Il en tombe immédiatement amoureux et Michael York joue à la perfection le couillon amoureux. Elle est mariée pourtant à Bonacieux (Mike Milligan), un vieillard bien conscient qu'elle va le tromper avec ce gamin, il s'en moque, après tout elle est la couturière de la Reine Anne (Géraldine Chaplin). Bonacieux pratique le sarcasme « votre serviteur pourra dormir par terre et ici vous pourrez le battre sans qu'on entende ses cris » dit-il à D'Artagnan.

Raquel Welch est sur un autre ton comique, le burlesque pur. Elle excelle dans ce registre qu'on découvrait à l'époque, loin de l'image simple de pin-up girl qu'elle véhiculait. Elle manie avec ses moues et mimiques la candeur. Finalement, elle s'accorde parfaitement avec le jeu de Michael York. Ils sont comme deux enfants dans une aventure conduite par les trois adultes qui eux aussi se comportent souvent par des gamins.

Cela contraste avec les méchants du film, tous superbement réussis. On a déjà eu affaire à Rochefort, brillant bretteur qui fait les basses œuvres de Richelieu (Charlton Heston) qui manipule le roi Louis XIII (Jean-Pierre Cassel) pour nuire à la Reine Anne. Le Cardinal est suave mais cruel, un vrai salaud de cinéma. Le tout avec l'aide de Milady de Winter (Faye Dunaway) qui va suggérer l'aventure des ferrets de la reine.

Faye Dunaway joue de ses regards langoureux pour son personnage de manipulatrice. Elle sera plus présente dans la deuxième partie titrée On l'appelait Milady et Bonacieux dans la première partie. Le film nous gratifie d'un combat entre les deux femmes ennemies intimes. Et évidemment, ce naïf de D'Artagnan va tomber dans les griffes de Milady dans la deuxième partie, mais Athos qui la connaît trop bien va le remettre sur les rails.

On traîne en pleine bataille des pouvoirs. Les films n'y vont pas avec le dos de la cuiller pour les tenants du pouvoir. Entre délire mégalomaniaque (la partie d'échecs) – le tout filmé dans des châteaux espagnols, merci Franco), incompétence manifeste (Jean-Pierre Cassel est superbe en souverain abruti), prétentieux coquets (Buckingham) et mépris affiché pour la population dans son ensemble, ça donne un portrait politique renversant des rois de France.

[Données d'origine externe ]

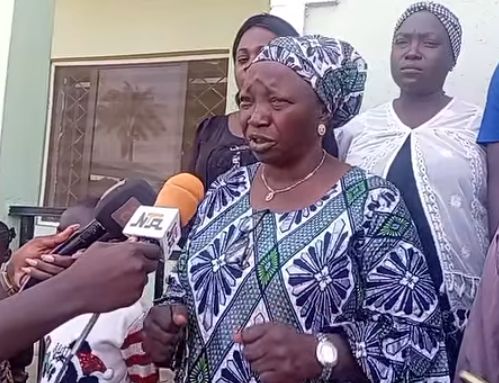 Pregnant bar owner arrested in Plateau for allegedly trafficking three girls to Ghana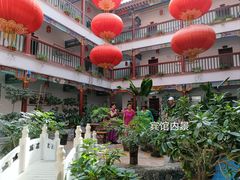 -滦州古城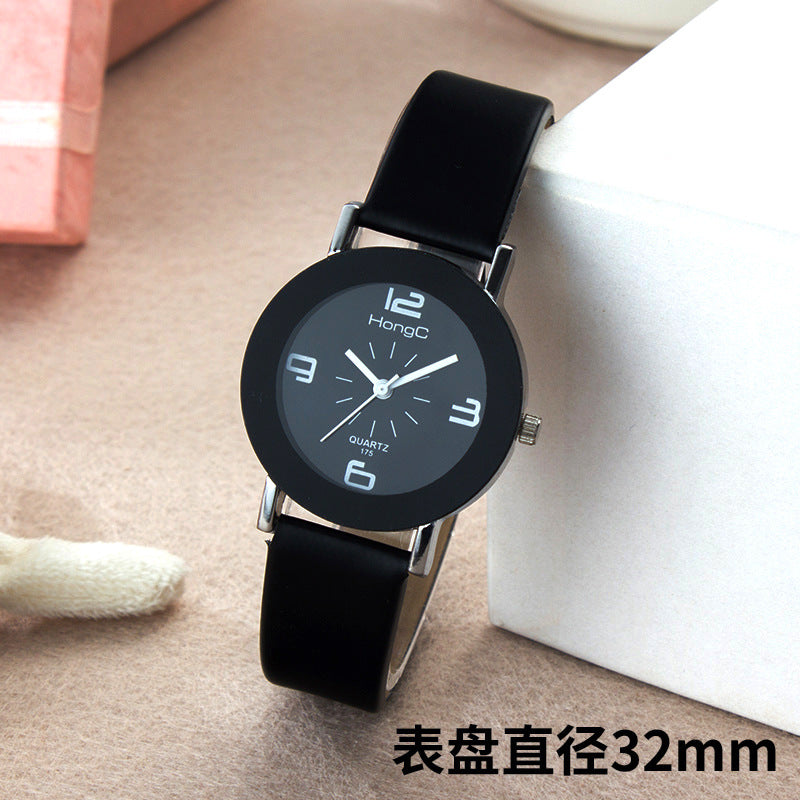 Lisslune | Famous Quartz Women's Watches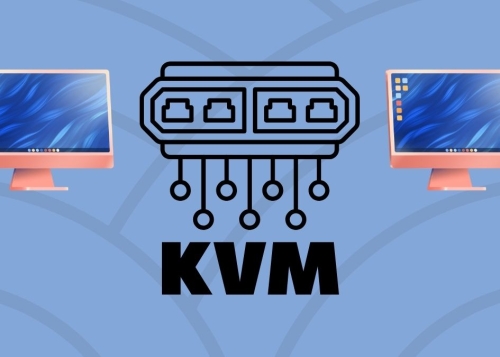 10 mejores soluciones KVM remotas para controlar tu PC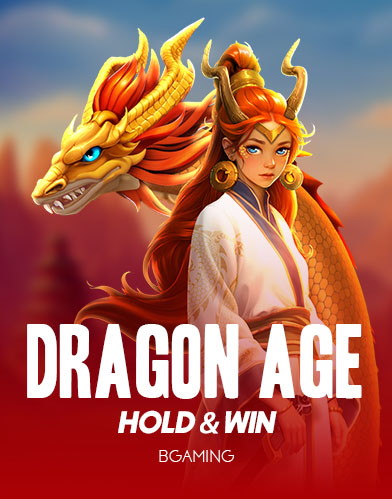 Dragon Age Hold & Win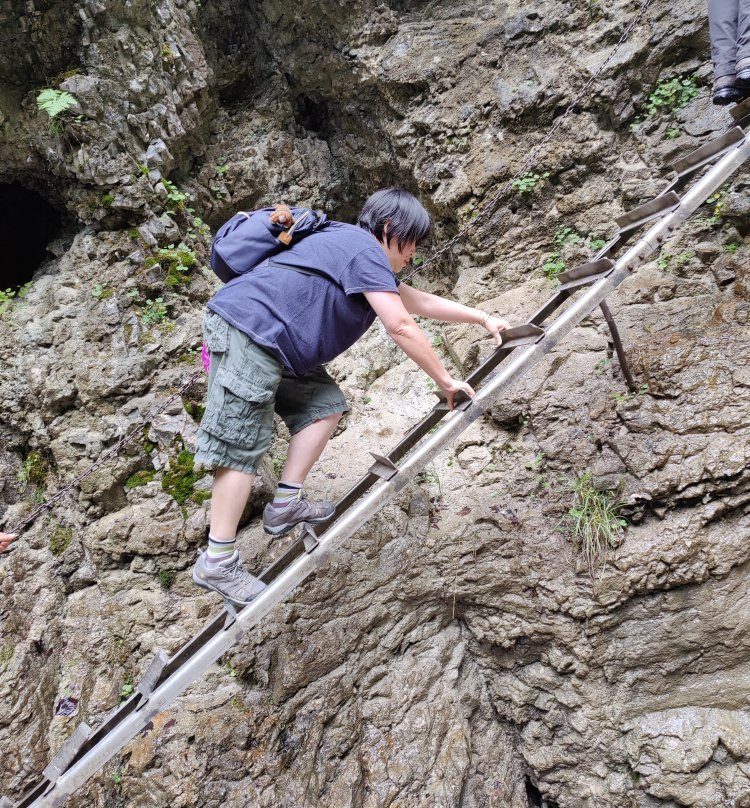 The Sucha Bela Canyon-Hrabusice必去景点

Je vais aller plus vite sur Le Retour des mousquetaires qui cherche vainement à réitérer la légèreté des années 1970. Il ne s'agit pas des corps plus lourds et âgés des acteurs mais plutôt d'une redite des mêmes meilleurs gags (en ouverture Planchet sur une poutre employé à voler des victuailles). Les combats sont mous et les méchants bien plus faibles : cette fois la Reine Anne s'allie à Mazarin (Philippe Noiret), moins sinistre que Richelieu.


Ce qui aurait pu sauver le film est la relation amoureuse entre la fille de Milady (Kim Catrall), fille cachée d'Athos et le fils adoptif d'Athos, le jeune savant Raoul (C. Thomas Howell), tous deux progénitures du mousquetaire, le film renonce à développer une vague histoire d'inceste qui n'en est pas une. Oliver Reed traîne un air ennuyé et seul Porthos en snob absolu, nouveau riche, fait un peu sourire, plus que Aramis en évêque libidineux.